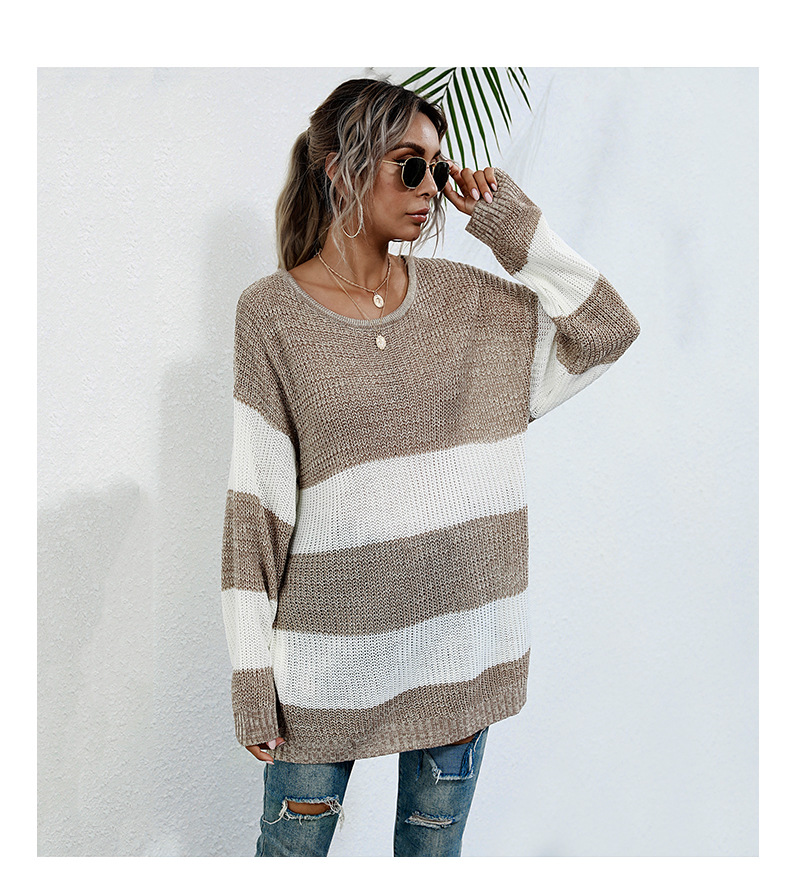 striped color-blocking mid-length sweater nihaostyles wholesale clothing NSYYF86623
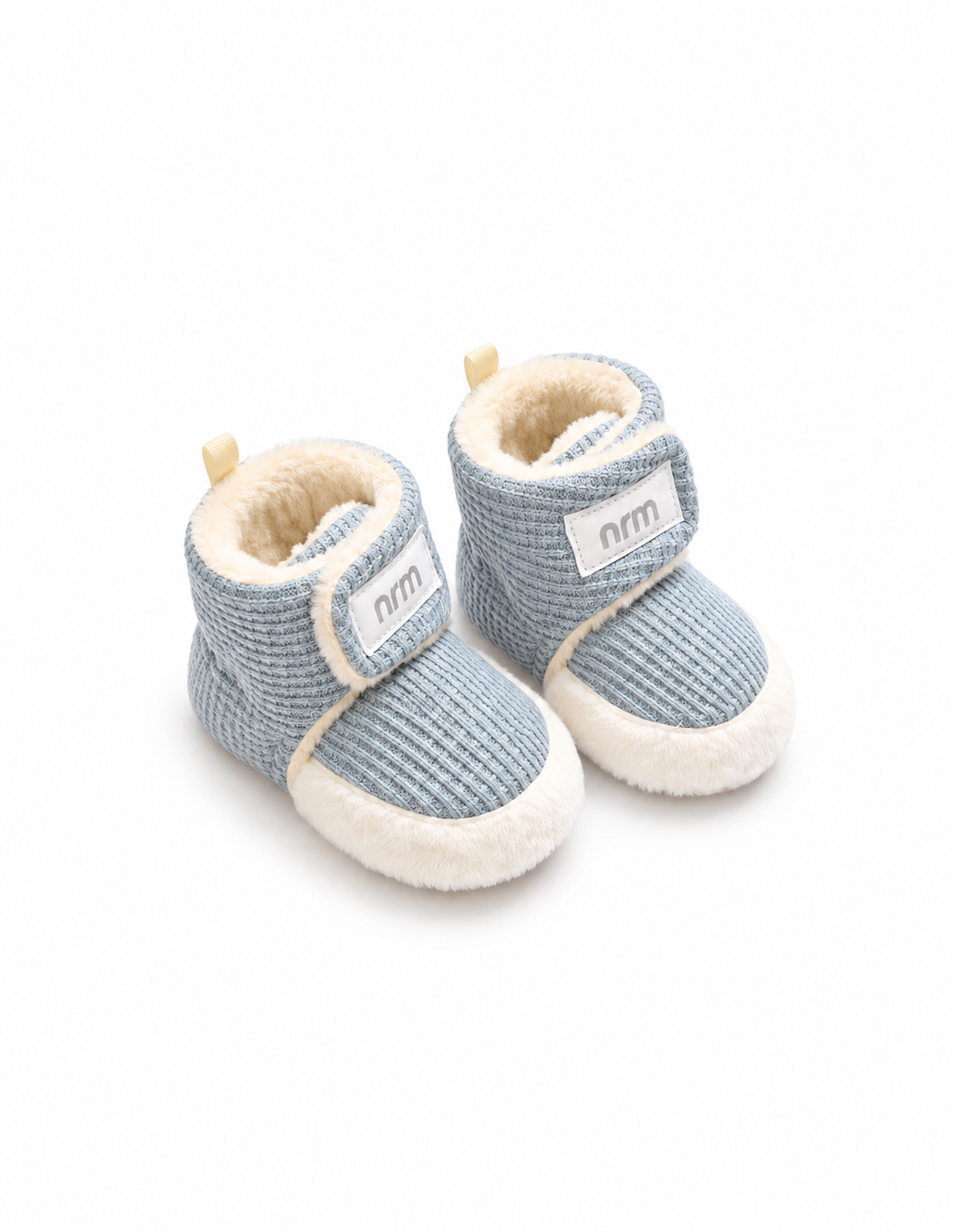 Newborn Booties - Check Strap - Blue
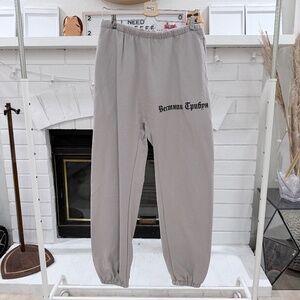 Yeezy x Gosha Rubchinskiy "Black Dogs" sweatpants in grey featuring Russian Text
**********
__PROBLEM REQUIREMENTS__
Skipping any images, write out all the data exactly.

__RESULT BELOW__
 striped color-blocking mid-length sweater nihaostyles wholesale clothing NSYYF86623
 Newborn Booties - Check Strap - Blue
 Yeezy x Gosha Rubchinskiy "Black Dogs" sweatpants in grey featuring Russian Text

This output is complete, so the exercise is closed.